= DATASET EXTRACT =
-----

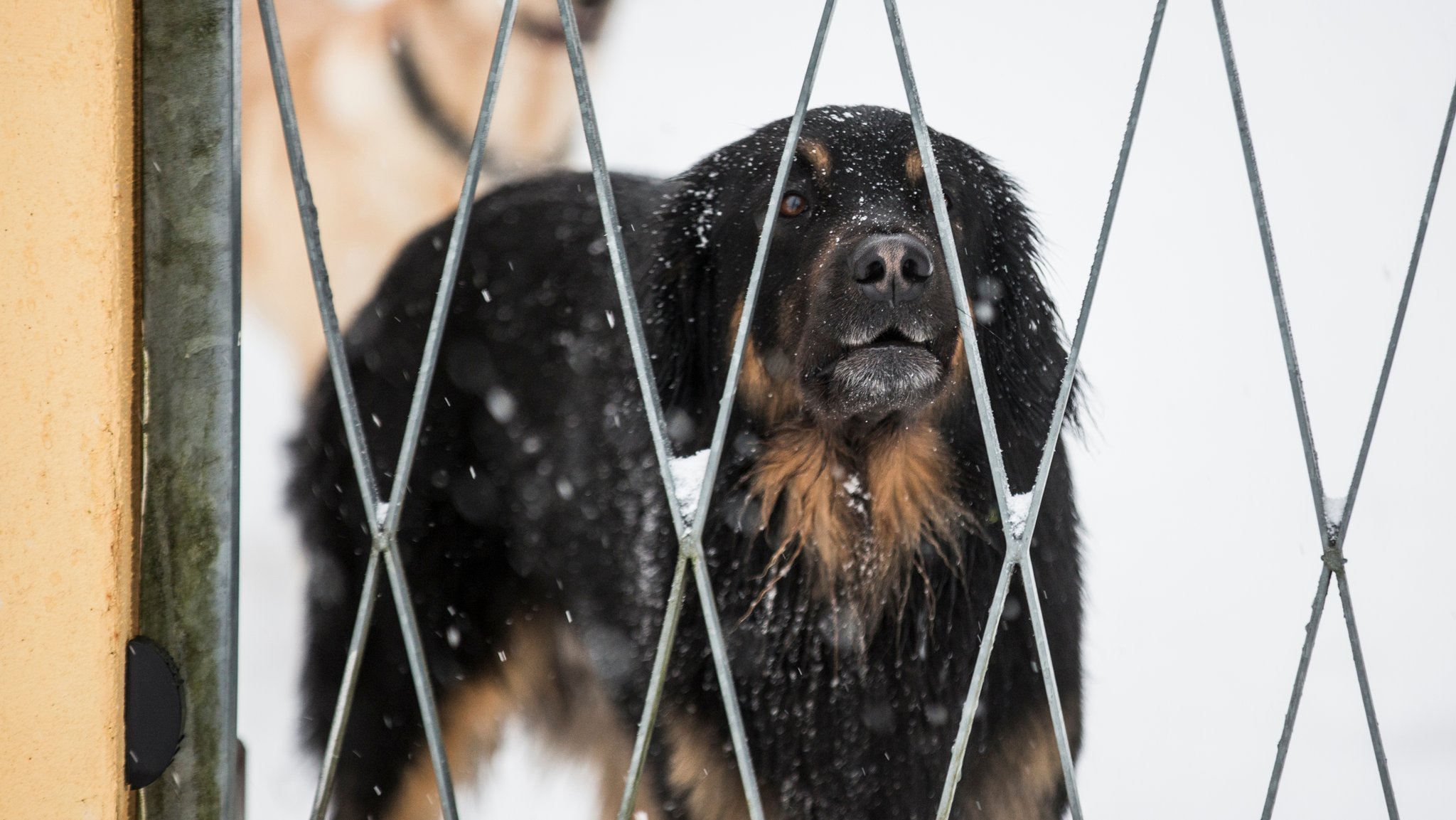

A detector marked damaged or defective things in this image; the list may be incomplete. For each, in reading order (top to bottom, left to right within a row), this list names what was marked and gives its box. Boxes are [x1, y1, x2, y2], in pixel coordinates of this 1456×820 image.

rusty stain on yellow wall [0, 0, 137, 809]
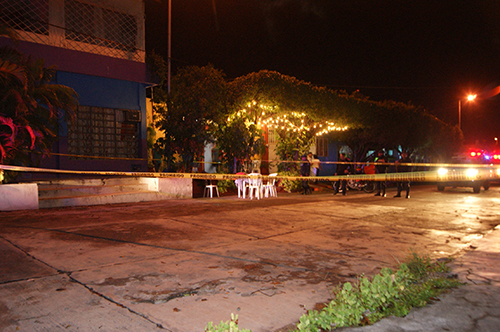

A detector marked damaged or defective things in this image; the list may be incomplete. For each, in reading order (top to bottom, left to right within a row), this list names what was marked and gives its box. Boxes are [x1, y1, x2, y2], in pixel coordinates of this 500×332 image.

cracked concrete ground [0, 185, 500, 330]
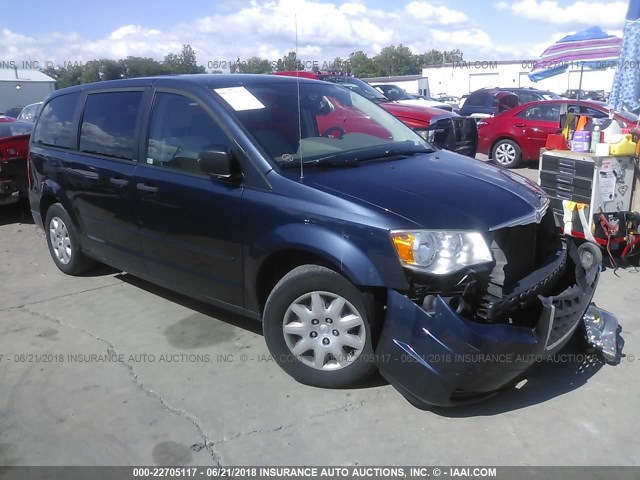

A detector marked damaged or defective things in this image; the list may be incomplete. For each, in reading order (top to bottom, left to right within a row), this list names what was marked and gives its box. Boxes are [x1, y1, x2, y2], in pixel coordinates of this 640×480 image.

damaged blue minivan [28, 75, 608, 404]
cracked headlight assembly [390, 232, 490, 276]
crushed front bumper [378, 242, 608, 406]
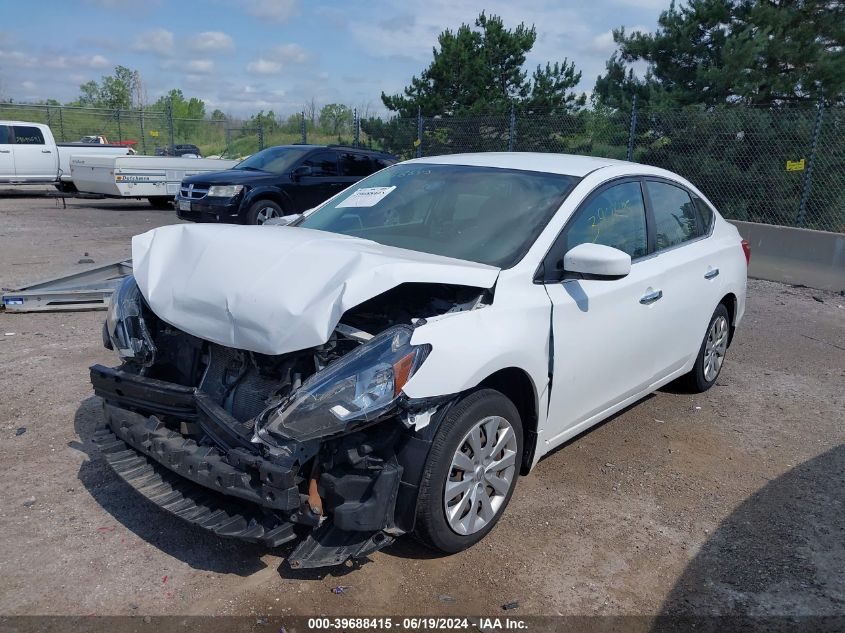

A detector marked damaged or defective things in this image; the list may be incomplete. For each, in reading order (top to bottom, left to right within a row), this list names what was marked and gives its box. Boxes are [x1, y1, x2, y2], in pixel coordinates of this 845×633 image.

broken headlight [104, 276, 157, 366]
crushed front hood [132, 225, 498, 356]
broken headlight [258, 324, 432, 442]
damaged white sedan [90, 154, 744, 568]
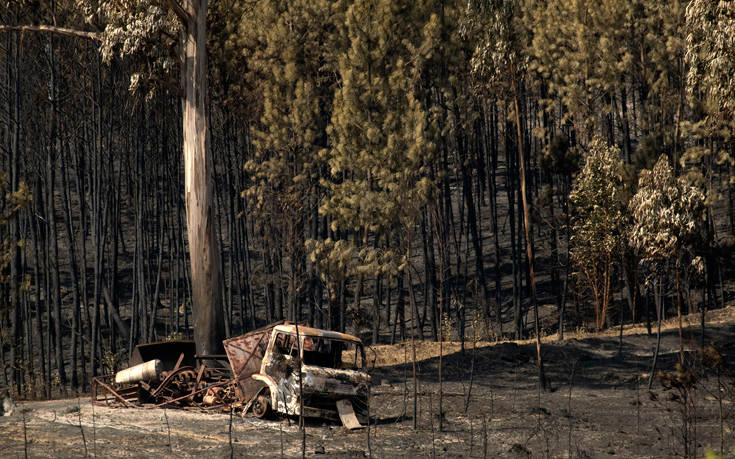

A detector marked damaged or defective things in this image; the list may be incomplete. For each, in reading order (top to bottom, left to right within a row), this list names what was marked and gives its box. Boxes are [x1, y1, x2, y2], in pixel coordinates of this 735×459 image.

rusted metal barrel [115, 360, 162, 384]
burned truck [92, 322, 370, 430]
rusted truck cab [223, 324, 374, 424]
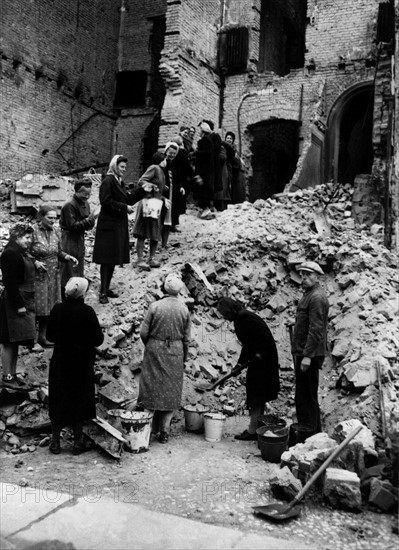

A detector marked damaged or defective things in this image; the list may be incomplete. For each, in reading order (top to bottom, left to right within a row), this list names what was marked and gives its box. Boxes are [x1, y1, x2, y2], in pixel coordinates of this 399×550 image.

-----

= TASK REQUIREMENTS =
An exact transcription is requested of each line from the one that holds "this 640×480 image." to the end of the listing above, both boundary lines included; pictures are to be omitted.

= EXERCISE OUTPUT =
A detector marked damaged or defective things in this image; the list may be incomplete. For each, in reading order (top to bottom, left to right within a row), this list names what was marked and gives its box. Boxes are [x1, y1, x2, y2], in pixel coordinates of this 640×480 image.

damaged blue minivan [28, 75, 608, 404]
cracked headlight assembly [390, 232, 490, 276]
crushed front bumper [378, 242, 608, 406]

A detector marked damaged or defective things in this image; the list may be incomplete. For each, in reading order (top to bottom, left to right within a row), this list names what was marked and gives its box. Boxes are [x1, y1, x2, y2], in pixel coordinates of this 845×633 image.

broken headlight [104, 276, 157, 366]
crushed front hood [132, 225, 498, 356]
broken headlight [258, 324, 432, 442]
damaged white sedan [90, 154, 744, 568]

A detector marked damaged or defective things in this image; the list may be incomplete. For each, in reading order (top to bottom, left to right within a row), this list names what was marked and gives its box. Boxes are [x1, y1, x2, y2], in pixel coordinates of this 735×459 image.

rusted metal barrel [115, 360, 162, 384]
burned truck [92, 322, 370, 430]
rusted truck cab [223, 324, 374, 424]

A detector marked damaged or defective things in this image; the list may be incomplete. For each, in reading order (top to bottom, left to right within a row), this list names what was marked and gives its box. Boxes are [x1, y1, x2, y2], in pixel coordinates of this 399×550 image.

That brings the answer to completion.